16 Conclusion of part 2
Congratulations, we are done going down the reproducibility iceberg. Our project should now be entirely reproducible. I showed you how to reuse the same R version and the same package library as the one that was used to develop the pipeline originally. If in addition you’ve used the software engineering best practices from part 1, your project is also well tested and documented.
This part of the book focused on the operating system your pipeline runs on. It’s a bit trickier to “freeze” an operating system, like we froze the R version and the packages library. Strictly speaking, we should develop and deploy our pipeline on the same operating system. If you’re using Ubuntu as your daily driver, that is not an issue, but if you’re a Windows or a macOS user, then this could potentially be a problem. After all, Docker images are based on Ubuntu (or other Linux distributions), so the best we can do is either start developing with the end in mind from the beginning; which means that we develop our project from inside a Docker environment, or we must ensure that running the pipeline inside Docker returns the same results as on your operating system of choice. This should most of the time not be an issue, but as already mentioned in this book, running the same code on Linux or Windows does sometimes return different results (this is rarer, at least in my experience, when comparing Linux to macOS).
But there is yet another, potential, issue. Let’s assume the best case scenario: the pipeline returns the same result inside Docker as on your development machine (which should be the case most of the time anyways). Is using Docker truly the best we can do? Is the pipeline truly reproducible? Well, strictly speaking, not quite. Indeed, the base operating system inside Docker also gets updated. So if you build an image based on Ubuntu 22.04 today, and then again in 6 months, the operating system is not the same anymore, because the software it ships got updated. So even if the R package library and R version remain fixed, the operating system does not. Now, I realize that this is really pushing it, but I want to be as thorough as possible. So there are two ways around this, if you really, absolutely, need also Ubuntu to remain frozen.
The first solution is the simplest and is explained in the reproducibility page1 of the Rocker project. The idea is to use a digest, which is the equivalent of a commit hash on Github but for Docker images instead. As the example in the linked page above shows, instead of this:
FROM rocker/r-ver:4.2.0
which would base your Docker image on the latest Ubuntu 22.04 shipping R version 4.2.0, you would use this:
FROM rocker/r-ver@sha256:b343df137d83b0701e0...
which is the digest of the latest rebuild of that image. You can find digests on the Docker Hub page:
If you use a digest instead of a tag, it doesn’t matter when the image gets built, you’ll be using the exact same Ubuntu version under the hood that was current at that time.

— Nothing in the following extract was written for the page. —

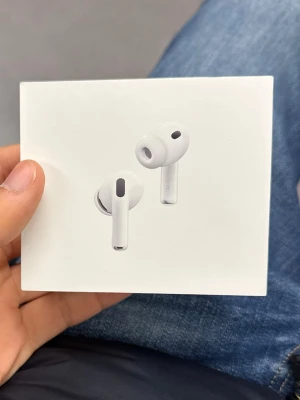 AirPods Pro - Apple AirPods Pro 3 i originalförpackning. Trådlösa hörlurar med aktiv brusreducering och silikonproppar för bättre passform. Förpackningen ser ut att vara i mycket gott skick, perfekt för dig som söker högkvalitativa hörlurar till din iPhone eller andra Apple-enheter. Köpta 17 december, kvitto ingår med försäkring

The second way around this is to use a functional package manager like Guix or Nix. As I stated in the reproducibility iceberg, this is outside the scope of this book, but the idea of these package managers is that they allow users to reproduce the entirety of a project (so including the operating system libraries) to the exact same byte. If you want to know more, take a look at Vallet, Michonneau, and Tournier (2022) (open access article2) which shows how Guix works by reproducing the results from another paper.